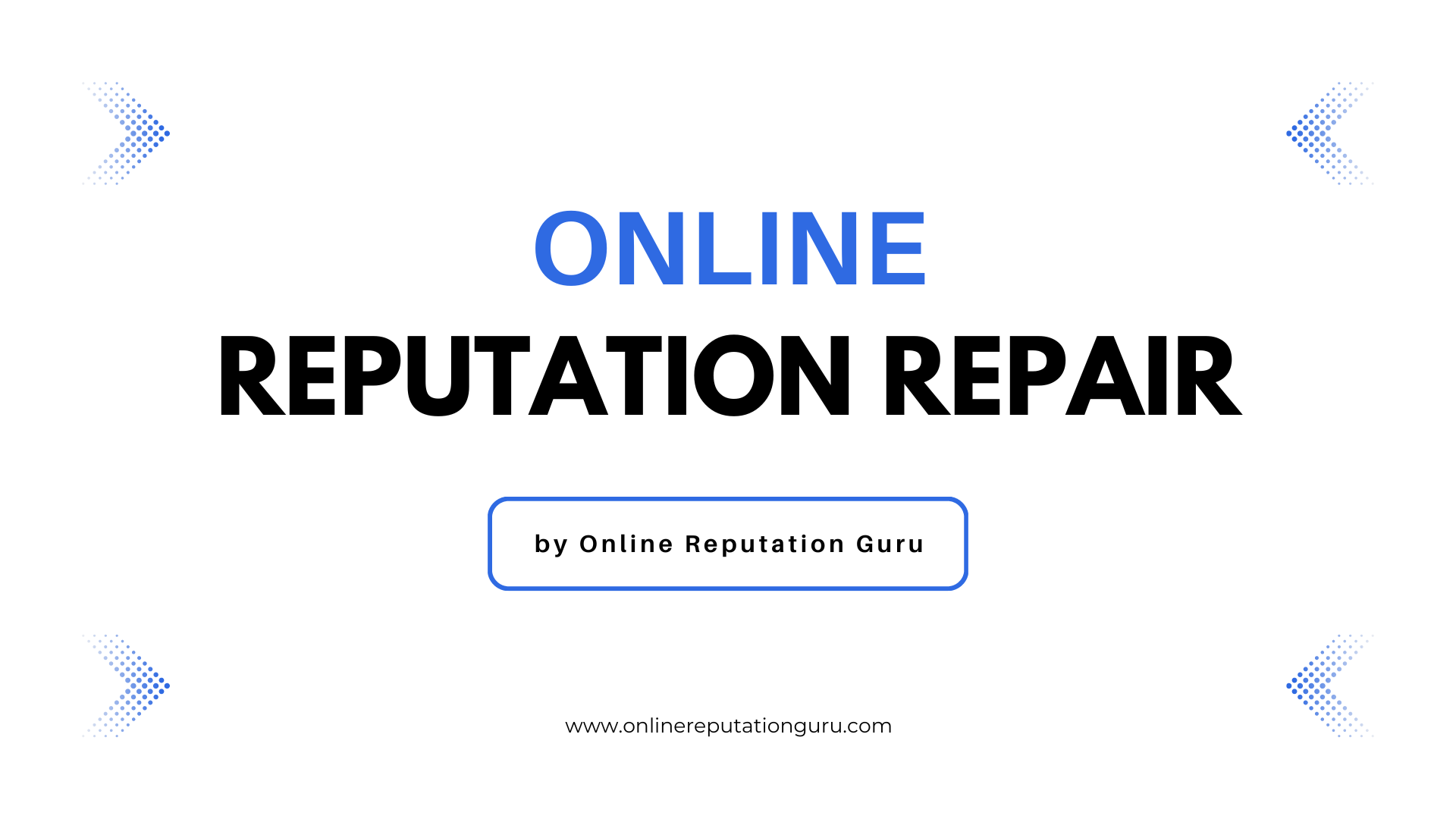 Online Reputation Repair Strategies 2023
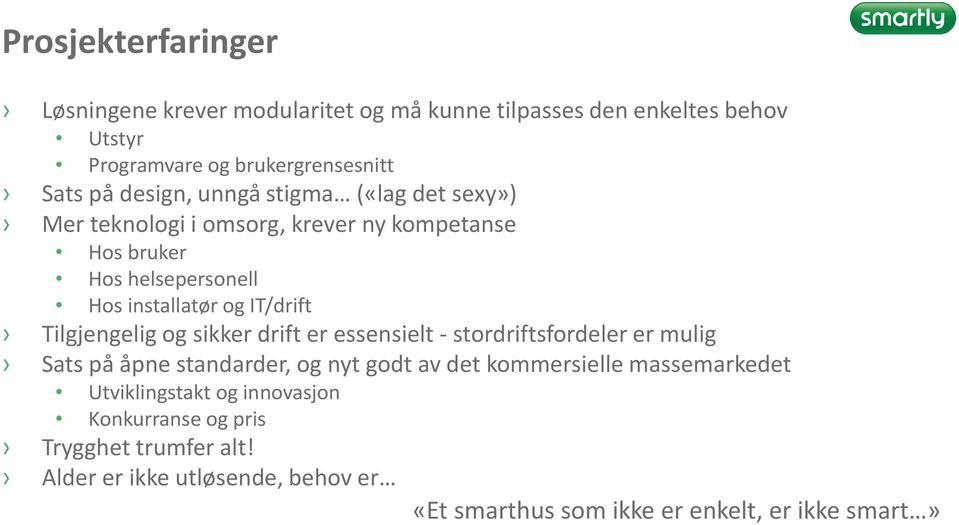 Tilgjengelig og sikker drift er essensielt - stordriftsfordeler er mulig Sats på åpne standarder, og nyt godt av det kommersielle massemarkedet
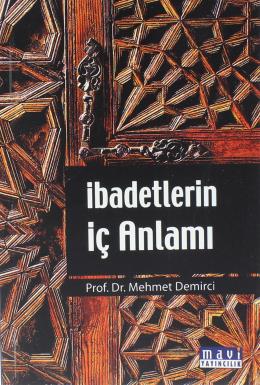 İbadetlerin İç Anlamı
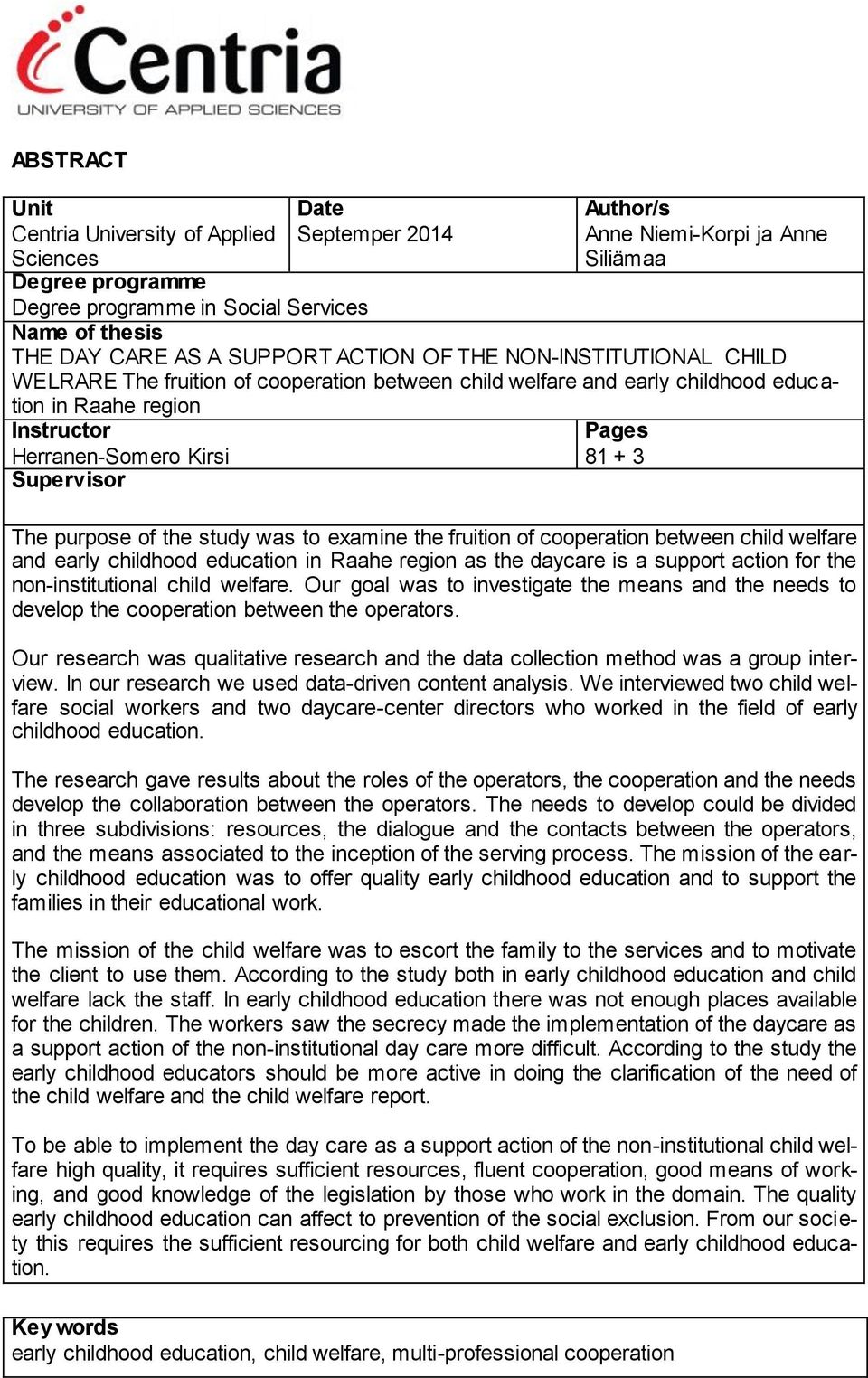 Pages 81 + 3 The purpose of the study was to examine the fruition of cooperation between child welfare and early childhood education in Raahe region as the daycare is a support action for the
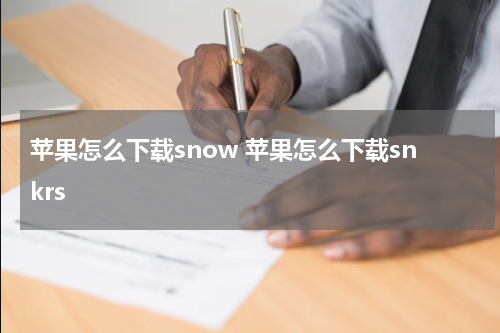 苹果怎么下载snow 苹果怎么下载snkrs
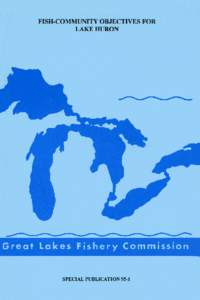 FISH-COMMUNITY OBJECTIVES FOR LAKE HURON R. L. DesJardine Ontario Ministry of Natural Resources 6 11 Ninth Avenue East Owen Sound, Ontario, CANADA N4K 3E4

_ _ _

Give back every line of the material exactly as written, but not the pictures.

» **Reply to the exercise**
 Online Reputation Repair Strategies 2023
 Tilgjengelig og sikker drift er essensielt - stordriftsfordeler er mulig Sats på åpne standarder, og nyt godt av det kommersielle massemarkedet
 İbadetlerin İç Anlamı
 Pages 81 + 3 The purpose of the study was to examine the fruition of cooperation between child welfare and early childhood education in Raahe region as the daycare is a support action for the
 苹果怎么下载snow 苹果怎么下载snkrs
 FISH-COMMUNITY OBJECTIVES FOR LAKE HURON R. L. DesJardine Ontario Ministry of Natural Resources 6 11 Ninth Avenue East Owen Sound, Ontario, CANADA N4K 3E4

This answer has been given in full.